Teenagers taking time out of their summer to give back to those in need
BATON ROUGE - Fourteen and fifteen-year-olds from First United Methodist Church worked in the hot sun Sunday afternoon, caulking and painting a home along North Acadian Thruway.
"Just trying to help the community with one good deed at at time," 14-year-old Nicholas Zeringue said. "It's just trying to be selfless in a selfish world. It teaches us good life lessons, morals."
The teenagers are part of the church's 225 Revive program, which involves hundreds of youngsters repairing dozens of homes for people who cannot afford to pay.
"We're all friends here. It's fun and we're putting in some work here," 15-year-old Max Mahaffey said. "Makes me feel great to help others out."
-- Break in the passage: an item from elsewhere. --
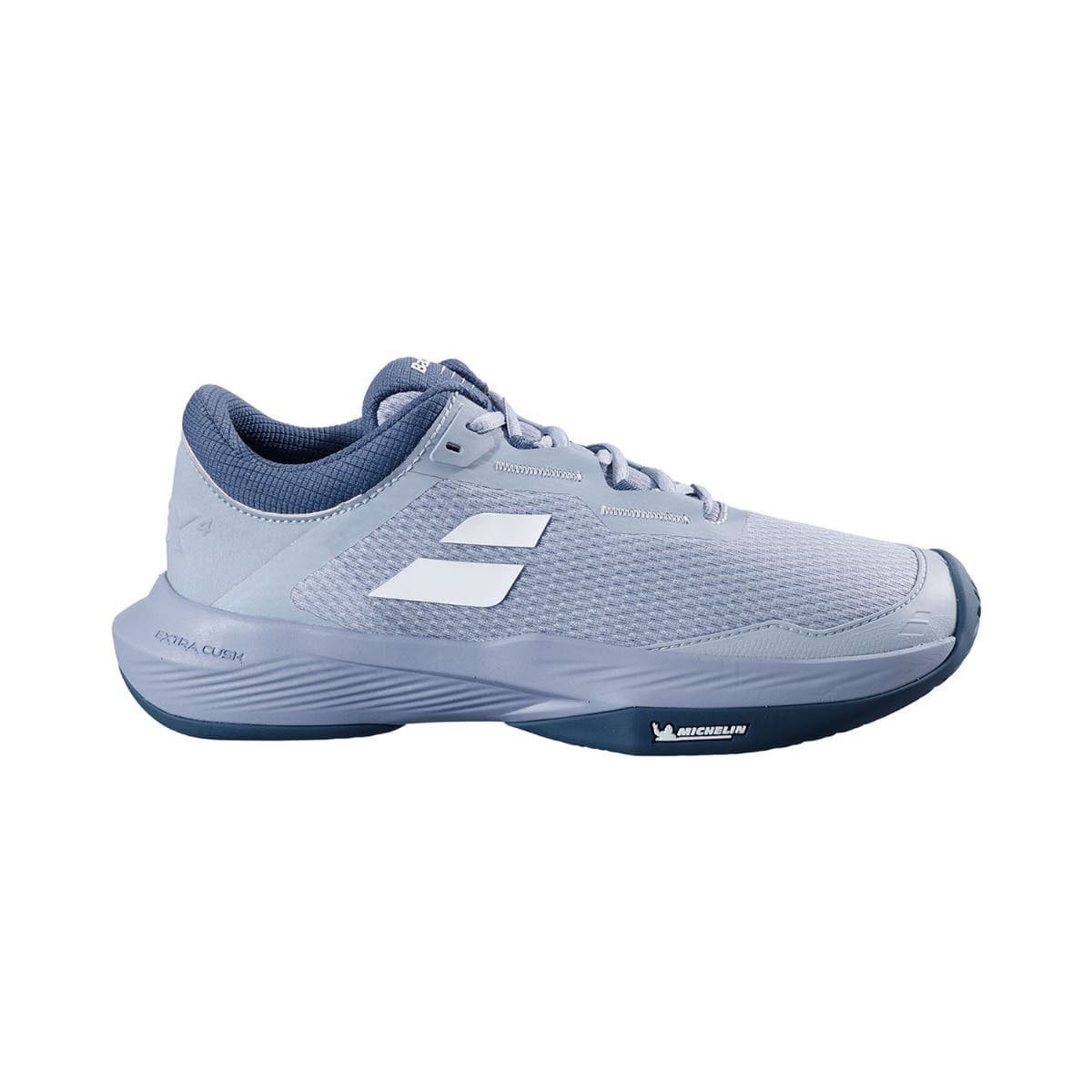 babolat Babolat SFX 4 All Court Men 2025 Standaard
Homeowner Gladys Herman, who the teenagers do not even know, was delighted for the help.
"I was elated, I was very happy," Herman said.
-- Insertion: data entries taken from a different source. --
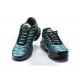 Air Max Plus Tn Blå Svart CV1636-001 Män Skor Air Max Plus Tn Blå Svart CV1636-001 Män Skor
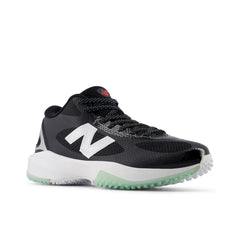 FreezeLX v5 Turf - New Balance Sports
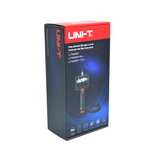 Endoskop UNI-T UT665P-10m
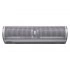 DANTEX RZ-30609 DM2N DANTEX RZ-30609 DM2N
Herman says the teenagers are a God-send. She said she doesn't know what would have happened if they didn't show up.
"We don't know. We wouldn't be able to get it fixed, because we have no money," Herman said.
The teens are making repairs that would cost Herman and her husband hundreds of dollars, possibly more, with all the materials needed.
"It's more about the work we get to do. It's the relationships with the people that we get to work with and alongside. It's better for our lives and for Baton Rouge," youth minister Kale Wetekamm said.
Once the youngsters finish repairs on this house, it will mark the 12th home they have fixed this summer.